- EXERCISE -
Omitting every picture, copy the lines from the one that contains "Helles Altbau-Büro direkt" through the last line of the records below, exactly and with nothing added.
********
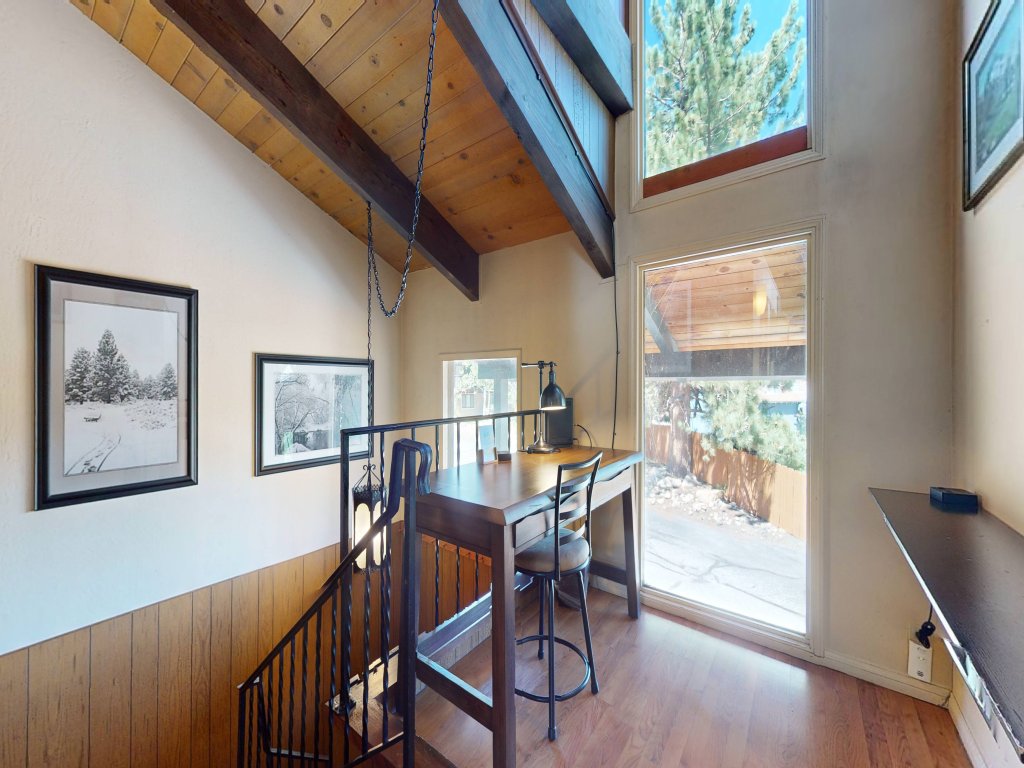Chateau Blanc 25 Cozy with Gorgeous Mountain Views, On the Shuttle Route, Vacation Rental in Mammoth Lakes - RedAwning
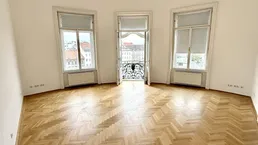 Helles Altbau-Büro direkt am Naschmarkt mit Klopfbalkon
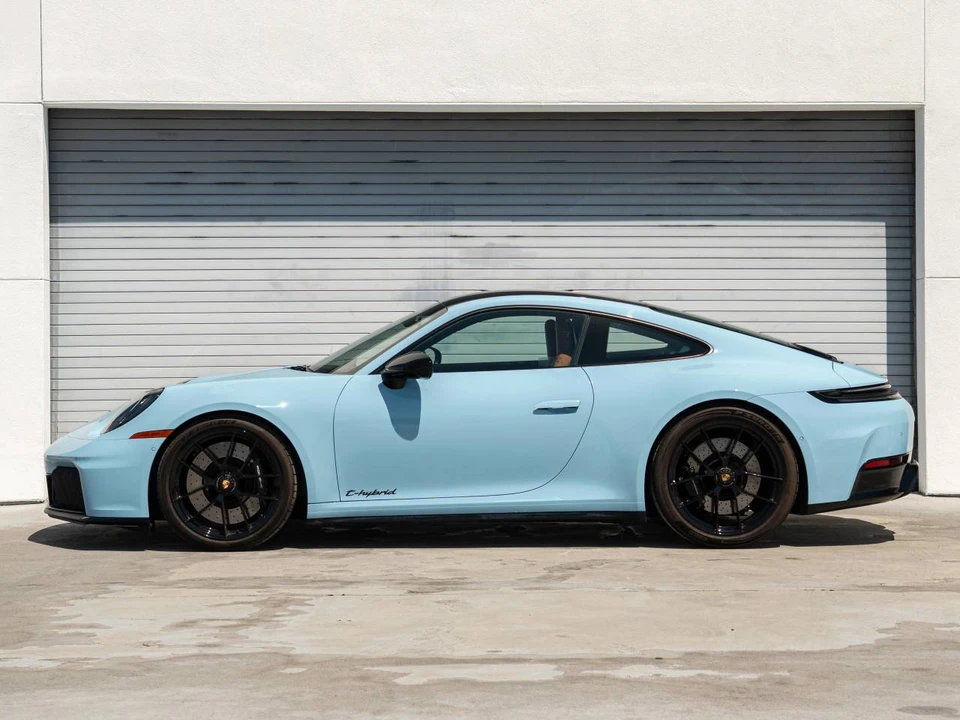 2025 Porsche 911 - Image 2 of 4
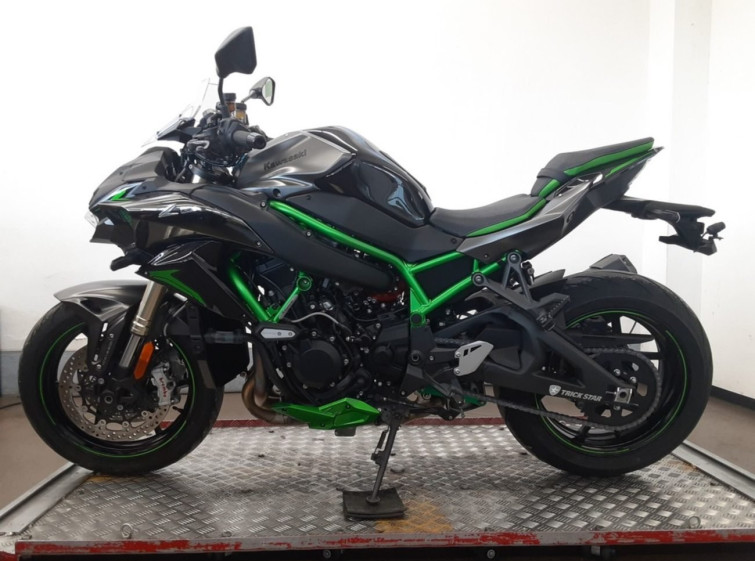 Мотоцикл Kawasaki Z H2 SE с пробегом 6448 km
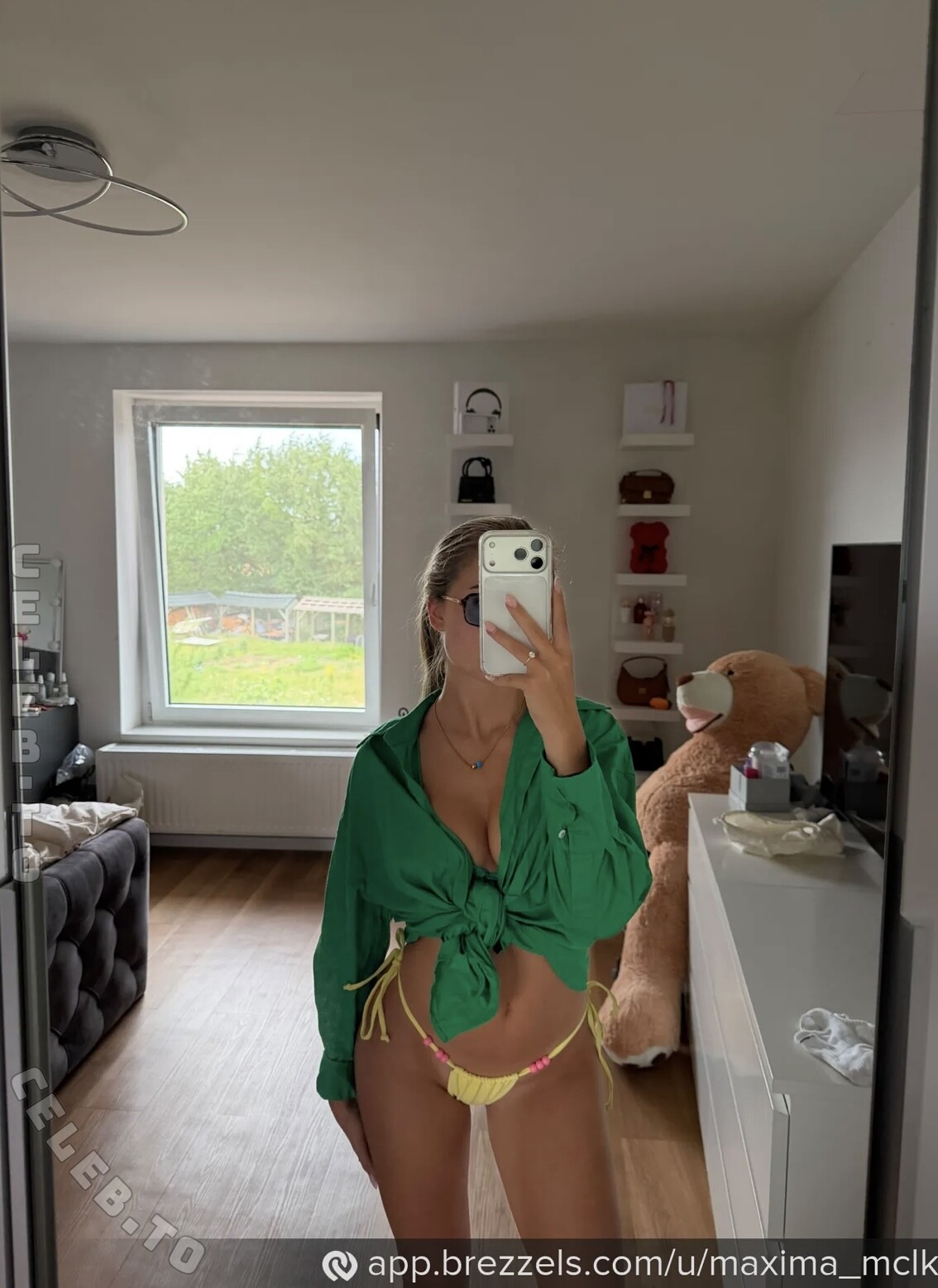 maxima_mclk nude photo 2
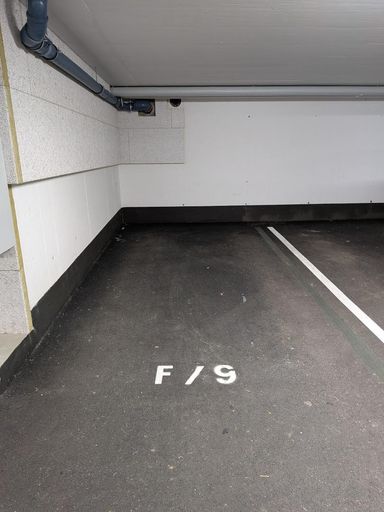 Garagenparkplatz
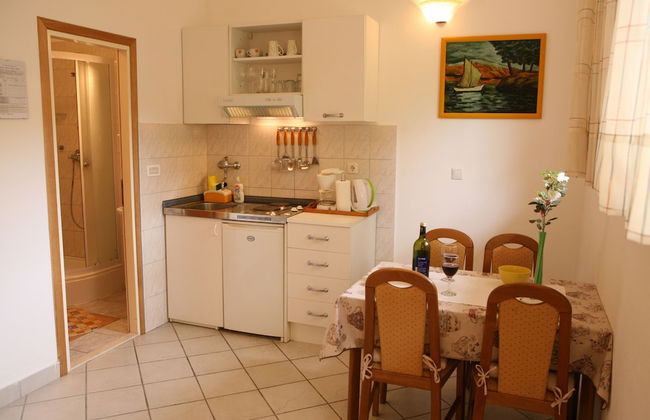 Sea front stone house - Photo 35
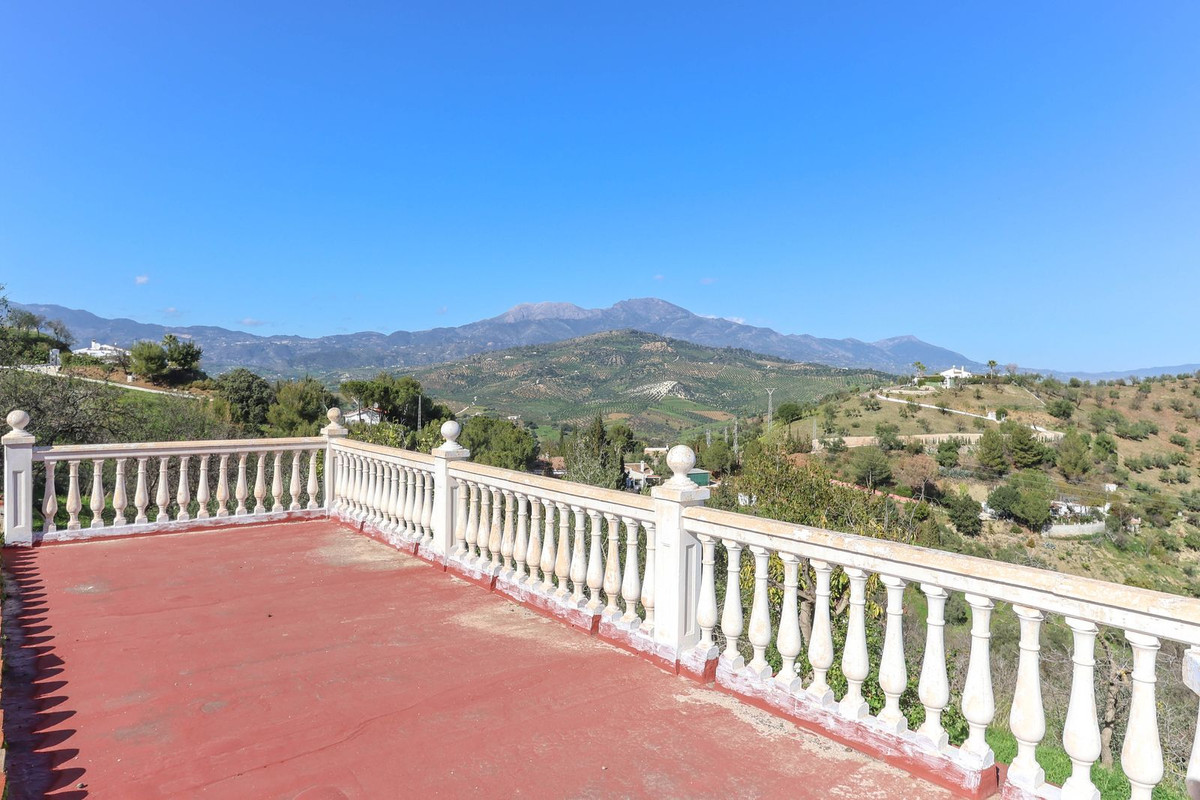 2 Bed Townhouse for sale in Guaro Costa Del Sol, Málaga, Spain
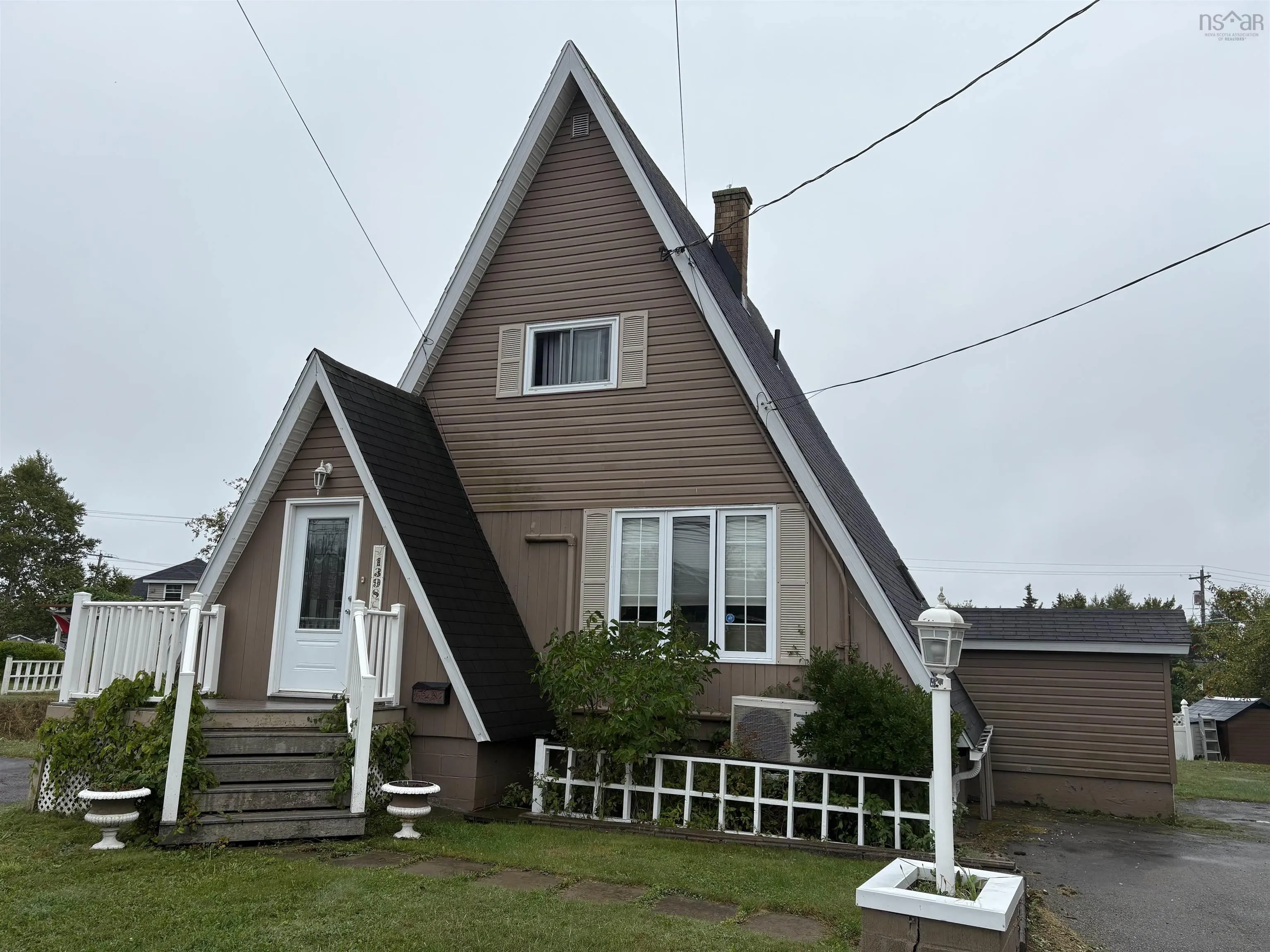 1398 George Street, Mira Road, NS B1P 1N2, 3 Bedrooms Bedrooms, ,3 BathroomsBathrooms,Residential,For Sale,George,202523111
********
- RESPONSE AREA -
 Helles Altbau-Büro direkt am Naschmarkt mit Klopfbalkon
 2025 Porsche 911 - Image 2 of 4
 Мотоцикл Kawasaki Z H2 SE с пробегом 6448 km
 maxima_mclk nude photo 2
 Garagenparkplatz
 Sea front stone house - Photo 35
 2 Bed Townhouse for sale in Guaro Costa Del Sol, Málaga, Spain
 1398 George Street, Mira Road, NS B1P 1N2, 3 Bedrooms Bedrooms, ,3 BathroomsBathrooms,Residential,For Sale,George,202523111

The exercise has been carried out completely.